My niece is in Berlin at the moment. I'll tell her to stop enjoying herself, she's supposed to be living in poverty ffs. At various stages she was raised by people on zero hours contracts, in a single parent environment and with mental health issues. Labour poverty bingo agogo. Neither she nor her parents would have regarded themselves as living in poverty, but I'm sure they'll welcome being used to make a point nonetheless.

Maybe one day we can move beyond such blanket assessments of people and stop using them to score political points. In the meantime, I'll let the dietitian colleague of my wife know she's wasting her time when we catch up at the Christmas bash on Friday. She'll be pleased to know she's out of touch or something.
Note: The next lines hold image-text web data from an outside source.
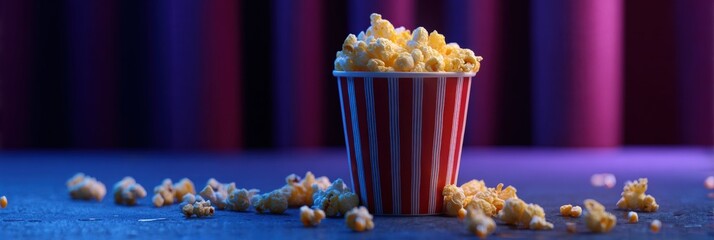 Popcorn in a striped paper cup on a textured surface, with a blurred purple and blue background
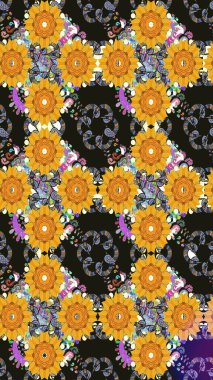 Gri renklerde bahar çiçekleri. Patlayan çiçekler soyut olarak yerleştirilmiş. Raster illüstrasyonu. Raster deseni.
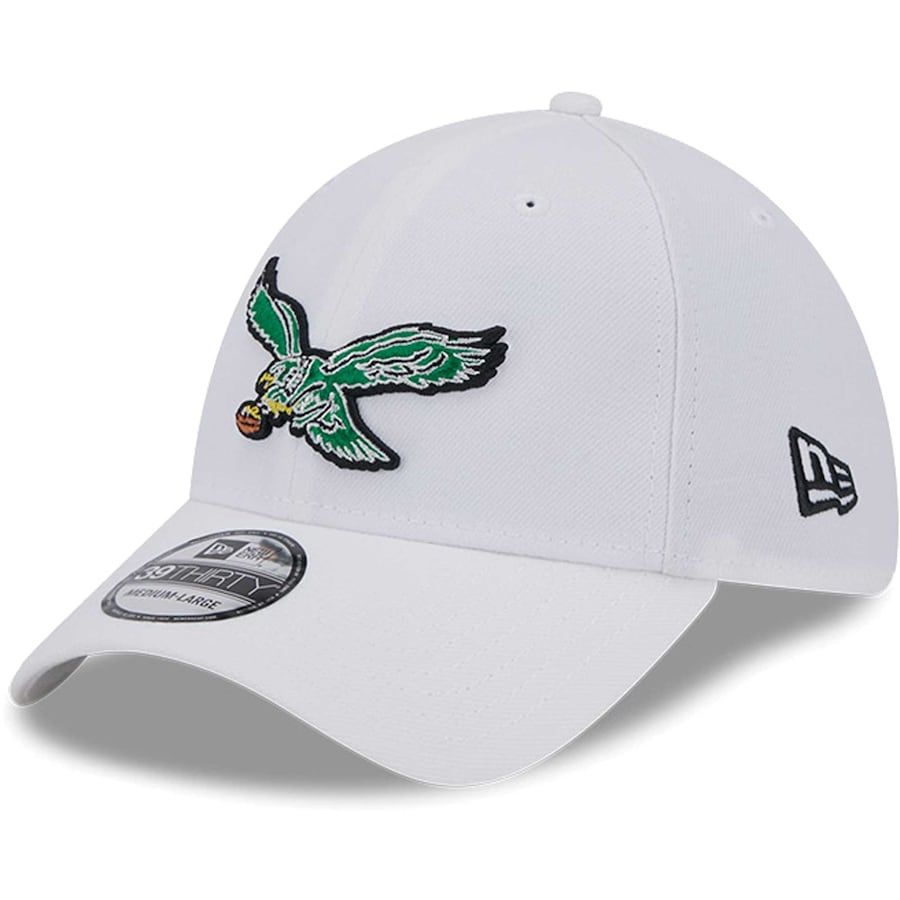 Philadelphia Eagles Men's White New Era 39Thirty Flex Fit Hat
And we wouldn't be better off as a society if children were raised by people whose jobs paid them better and were more stable instead? Raising tax by 5% on income over £80k is the greater of those two evils?

It is always telling how you go after people for resorting to anecdotes (or in a particularly tortured instance, insisting that only the opinions of specific experts in a given field are admissible), but when you're pressed on the realities of austerity Britain, you can't actually produce evidence of your own beyond stories about your own immediate family, as though that somehow the negates the overwhelming volume of data on what a catastrophe the coalition and its legacy have been.

I mean, sure, hundreds of thousands of families would be going hungry were it not for charity, but so long as your niece is enjoying herself in Berlin and your brother has a sports car, everything is basically fine.